MINISTER CRITICISED
SPEECH BY SECRETARY FOR INDIA “NOT QUITE SATISFACTORY” LONDON, Friday. There is general feeling of relief that the Indian debate is over. As a member of the Simon Commission remarked, it was unfortunate that Parliament had been obliged to discuss India at all at present. Mr. Wedgwood Berm’s speech is not considered to have been quite satisfactory from one holding such a high office. Several of the newspapers say it should have been weightier, steadier and more frank. The Conservative newspapers, which in the past few days have manifested anxiety to protect Mr. Baldwin from attacks respecting his attitude, naturally devote their editorial articles this morning to that aspect of the question. They thoroughly commend his action throughout. The “Daily Telegraph” expresses the opinion that Mr. Benn mismanaged a delicate business. The “Morning Post” complains that the House of Lords was told one thing and the House of Commons another. It remarks: “We have the Government speaking in two contradictory voices. We have the national congress offering an interpretation which the Secretary of State for India will neither affirm nor repudiate. We have confusion, and we can only hope against hope that we shall not have in the future a surrender.” The “Daily Chronicle” says it is not enough to say that Lord Irwin’s statement meant what it said. The fact is that Indians interpreted it as meaning that full Dominion status is to be granted forthwith. Mr. Lloyd George asked for a definite statement to the effect that such an interpretation was inaccurate. Mr. Benn ought to have replied frankly to that effect.
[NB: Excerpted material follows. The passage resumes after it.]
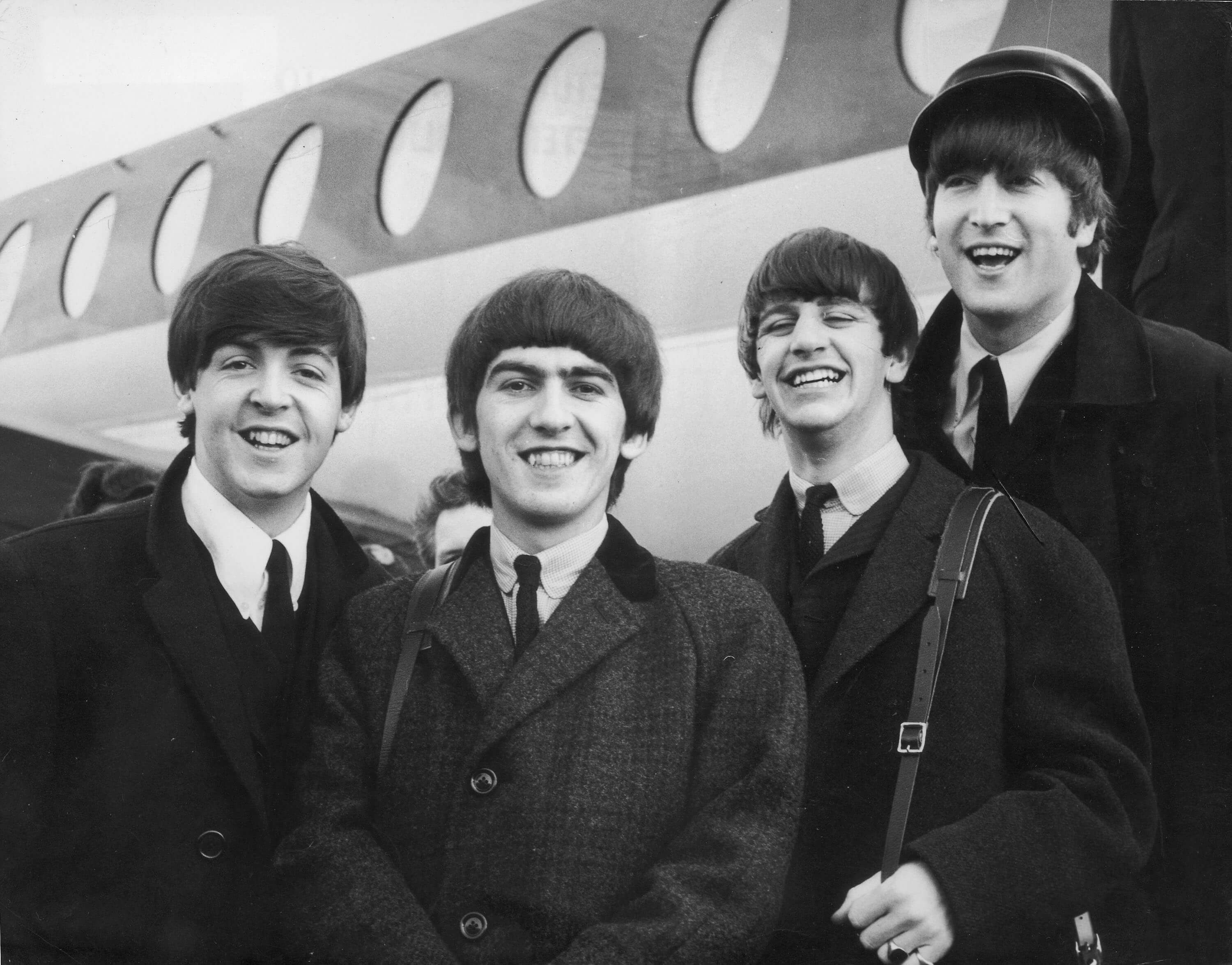 The Beatles in black-and-white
The “Times” says: “The Government’s case in the main is a perfectly strong one. The Viceroy’s statement that the goal had not been changed has been welcomed in India at its face value —no more and no less. “It may be predicted with confidence that the Simon Committee's report has a real chance of being pondered and discussed in the country most concerned. That, after all, is what matters most.”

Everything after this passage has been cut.